ACTION ITEM: Having located the line with "تيشيرت رجالي أبيض - لايك مون (Like Moon)", print it and each remaining line exactly, stopping at the end of the material and omitting pictures.

MATERIAL PROVIDED:
^^^^^^^^

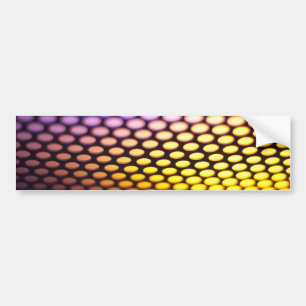 Metalic backlit shinny background bumper sticker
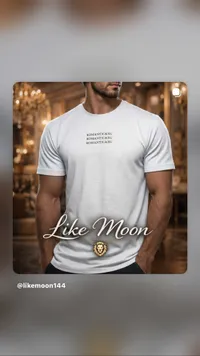 تيشيرت رجالي أبيض - لايك مون (Like Moon)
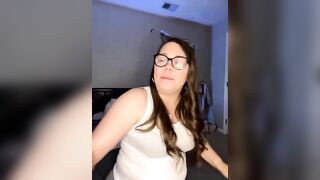 KaliRain69 - Milf in glasses mlo chatting and teasing in front of the camera with clothes on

^^^^^^^^

SOLVED PROBLEM:
 تيشيرت رجالي أبيض - لايك مون (Like Moon)
 KaliRain69 - Milf in glasses mlo chatting and teasing in front of the camera with clothes on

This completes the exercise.